In talking about the Schubert and Mozart works on this program, he brought up the fact that Antonio Salieri was Schubert's teacher. He added something along the lines of, "This was not the fictional Salieri, but a different Salieri." This real Salieri had in fact been very helpful to Constanze Mozart after Mozart died as well as being a respected teacher, according to Maestro Muti. Muti blamed the bad reputation that he has today on Pushkin.

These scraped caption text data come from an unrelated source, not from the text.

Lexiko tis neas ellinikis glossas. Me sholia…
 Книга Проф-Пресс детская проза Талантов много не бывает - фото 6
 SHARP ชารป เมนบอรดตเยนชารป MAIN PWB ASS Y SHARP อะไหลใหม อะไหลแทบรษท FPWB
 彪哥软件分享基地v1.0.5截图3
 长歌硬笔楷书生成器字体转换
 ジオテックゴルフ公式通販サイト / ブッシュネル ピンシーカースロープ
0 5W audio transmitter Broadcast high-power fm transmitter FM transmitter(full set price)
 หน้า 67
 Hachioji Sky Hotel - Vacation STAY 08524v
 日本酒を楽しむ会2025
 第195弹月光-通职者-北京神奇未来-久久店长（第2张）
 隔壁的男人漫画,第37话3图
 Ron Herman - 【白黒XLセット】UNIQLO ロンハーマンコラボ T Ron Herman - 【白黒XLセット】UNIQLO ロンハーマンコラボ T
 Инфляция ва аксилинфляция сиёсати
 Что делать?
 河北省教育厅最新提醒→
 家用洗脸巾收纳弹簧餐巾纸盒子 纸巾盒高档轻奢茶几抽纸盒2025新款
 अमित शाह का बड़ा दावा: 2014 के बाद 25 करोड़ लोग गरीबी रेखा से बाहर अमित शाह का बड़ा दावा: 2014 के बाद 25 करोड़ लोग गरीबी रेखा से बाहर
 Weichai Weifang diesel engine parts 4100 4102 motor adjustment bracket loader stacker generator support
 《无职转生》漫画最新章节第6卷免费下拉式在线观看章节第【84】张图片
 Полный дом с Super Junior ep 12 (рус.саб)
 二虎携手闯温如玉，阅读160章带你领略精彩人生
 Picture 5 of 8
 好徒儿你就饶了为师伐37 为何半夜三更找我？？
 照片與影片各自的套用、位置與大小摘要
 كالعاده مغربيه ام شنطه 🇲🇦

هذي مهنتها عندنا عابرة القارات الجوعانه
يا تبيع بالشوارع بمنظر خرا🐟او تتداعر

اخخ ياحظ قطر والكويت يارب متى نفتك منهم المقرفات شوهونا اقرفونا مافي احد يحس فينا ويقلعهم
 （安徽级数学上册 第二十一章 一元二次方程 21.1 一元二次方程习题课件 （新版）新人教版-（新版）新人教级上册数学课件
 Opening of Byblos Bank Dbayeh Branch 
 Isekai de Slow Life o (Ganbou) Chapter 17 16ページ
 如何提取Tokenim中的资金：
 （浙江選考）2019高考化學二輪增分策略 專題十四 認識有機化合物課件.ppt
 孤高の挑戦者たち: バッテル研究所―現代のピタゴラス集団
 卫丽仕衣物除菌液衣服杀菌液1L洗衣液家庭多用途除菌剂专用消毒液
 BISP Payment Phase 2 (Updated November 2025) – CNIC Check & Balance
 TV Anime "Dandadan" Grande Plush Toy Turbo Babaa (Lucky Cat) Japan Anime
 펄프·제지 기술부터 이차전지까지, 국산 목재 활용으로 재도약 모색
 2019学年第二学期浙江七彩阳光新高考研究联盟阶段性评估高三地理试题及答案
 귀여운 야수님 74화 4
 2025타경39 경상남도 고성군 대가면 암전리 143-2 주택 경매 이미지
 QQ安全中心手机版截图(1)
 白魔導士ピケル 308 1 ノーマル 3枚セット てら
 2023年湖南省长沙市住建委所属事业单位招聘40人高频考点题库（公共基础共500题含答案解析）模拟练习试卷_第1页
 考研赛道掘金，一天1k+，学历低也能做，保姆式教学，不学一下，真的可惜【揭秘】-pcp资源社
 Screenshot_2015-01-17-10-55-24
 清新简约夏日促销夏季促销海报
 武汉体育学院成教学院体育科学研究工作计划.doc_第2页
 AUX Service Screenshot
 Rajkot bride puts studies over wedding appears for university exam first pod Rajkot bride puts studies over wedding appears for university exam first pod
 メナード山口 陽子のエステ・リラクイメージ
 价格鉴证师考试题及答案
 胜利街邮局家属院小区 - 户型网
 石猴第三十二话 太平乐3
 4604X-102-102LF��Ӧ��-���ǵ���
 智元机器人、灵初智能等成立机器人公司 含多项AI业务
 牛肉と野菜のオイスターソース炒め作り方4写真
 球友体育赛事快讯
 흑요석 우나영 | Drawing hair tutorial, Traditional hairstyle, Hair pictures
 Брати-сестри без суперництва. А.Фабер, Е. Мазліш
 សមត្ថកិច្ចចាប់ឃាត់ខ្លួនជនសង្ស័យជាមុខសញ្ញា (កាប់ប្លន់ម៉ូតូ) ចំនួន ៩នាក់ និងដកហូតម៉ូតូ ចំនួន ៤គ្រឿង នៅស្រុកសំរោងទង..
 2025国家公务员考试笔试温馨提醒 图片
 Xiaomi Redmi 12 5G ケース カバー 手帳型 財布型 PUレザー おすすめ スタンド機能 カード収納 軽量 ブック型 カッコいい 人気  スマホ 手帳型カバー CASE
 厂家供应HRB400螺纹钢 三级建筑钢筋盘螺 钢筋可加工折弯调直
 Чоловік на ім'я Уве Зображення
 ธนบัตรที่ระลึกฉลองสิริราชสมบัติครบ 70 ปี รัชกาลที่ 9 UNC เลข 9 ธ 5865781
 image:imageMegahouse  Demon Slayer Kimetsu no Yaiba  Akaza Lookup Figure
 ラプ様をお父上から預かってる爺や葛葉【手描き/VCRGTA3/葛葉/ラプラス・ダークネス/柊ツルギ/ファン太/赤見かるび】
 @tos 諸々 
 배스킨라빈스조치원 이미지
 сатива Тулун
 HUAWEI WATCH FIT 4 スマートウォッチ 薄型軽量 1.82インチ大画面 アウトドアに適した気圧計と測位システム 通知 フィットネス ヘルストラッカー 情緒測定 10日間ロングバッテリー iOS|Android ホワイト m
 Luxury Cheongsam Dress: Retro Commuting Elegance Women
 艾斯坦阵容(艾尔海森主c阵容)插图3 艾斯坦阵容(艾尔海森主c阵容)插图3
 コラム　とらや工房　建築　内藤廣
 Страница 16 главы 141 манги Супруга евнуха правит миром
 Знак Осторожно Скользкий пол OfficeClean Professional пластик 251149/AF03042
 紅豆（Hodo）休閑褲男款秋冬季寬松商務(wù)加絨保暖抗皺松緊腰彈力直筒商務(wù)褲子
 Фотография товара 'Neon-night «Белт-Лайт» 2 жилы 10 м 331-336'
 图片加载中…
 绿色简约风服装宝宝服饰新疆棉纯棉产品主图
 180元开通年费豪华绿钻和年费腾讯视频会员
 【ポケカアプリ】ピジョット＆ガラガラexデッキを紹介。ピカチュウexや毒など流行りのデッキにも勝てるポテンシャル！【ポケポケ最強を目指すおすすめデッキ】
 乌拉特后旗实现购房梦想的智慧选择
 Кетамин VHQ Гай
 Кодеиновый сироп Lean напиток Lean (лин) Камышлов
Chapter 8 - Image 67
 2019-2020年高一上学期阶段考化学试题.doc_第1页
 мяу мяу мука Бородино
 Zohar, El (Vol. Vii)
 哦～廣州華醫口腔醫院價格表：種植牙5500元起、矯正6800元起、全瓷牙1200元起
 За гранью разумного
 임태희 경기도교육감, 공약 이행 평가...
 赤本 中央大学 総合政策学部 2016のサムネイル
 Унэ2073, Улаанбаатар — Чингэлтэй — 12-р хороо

Antonio Salieri and Wolfgang A. Mozart |
Pushkin! I have seen Peter Shaffer's play Amadeus twice, once when it was fairly new and again more recently. I've also seen the movie a number of times. I've also read the play, but I don't remember ever hearing that Pushkin was the first to have the idea of an evil Salieri driving Mozart to his early death. So I looked it up on the Internet. There are lots of discussions of Pushkin's short play, titled Mozart and Salieri, and you can even find the complete text, in English. It is twelve pages in all. Salieri is depicted as the well-trained, ardent, but uninspired musician, who admires Mozart's work and praises his genius. Mozart is immediately shown to be less serious, laughing at the way an old man mangles an aria from Don Giovanni on his violin. Salieri invites Mozart to dine with him, deciding that he must poison Mozart because Mozart is so superior to every other composer that none can ever match him. Mozart creates exquisite music that affects everyone who hears it and then he flies away, leaving no successor, so the sooner he dies, the better. A confusing argument; I think he is saying that Mozart is going to ruin things for everyone else, who all appear second rate in comparison.
The fictional Mozart and Salieri as drawn by Pushkin are clearly the basis for the characters in the play and movie Amadeus. Both Pushkin and Shaffer are using these fictional characters to explore ideas -- how does mediocrity respond to genius? What does genius look like? Why can't everyone with the desire who works hard also be a genius?
In Amadeus, Salieri hounds Mozart to death (no poison) by being the mysterious figure who commissions the Requiem, causing Mozart to believe that the Requiem is somehow intended for his own funeral. Salieri is driven to do this by the dichotomy between Mozart's incredible music and his silly behavior and scatological humor. Near the end of the play, however, Salieri obliquely tells the audience that he made the whole thing up. Unfortunately, what everyone remembers is that Salieri "killed" Mozart and that this fictional Salieri is, in the character's words, "patron saint of the mediocrities."
As Maestro Muti stated, Salieri has been unfairly maligned over the centuries as the evil nemesis who did Mozart in. Mozart has also been unfairly depicted, reduced to a child-like genius, his music somehow completely divorced from his personality. Amadeus helped with that misrepresentation, but didn't start it.
Incidentally, Rimsky-Korsakov wrote a one-act opera using Pushkin's play. The opera is also titled Mozart and Salieri, and it is performed now and then. There are several youtube recordings, including this version by the Chamber Opera Theatre of New York. The opera is about 45 minutes long. You can also get the complete score and parts as a free download from IMSLP, in case you want to follow along or stage your own production. IMSLP, the International Music Score Library Project, posts thousands of music scores, all in the public domain.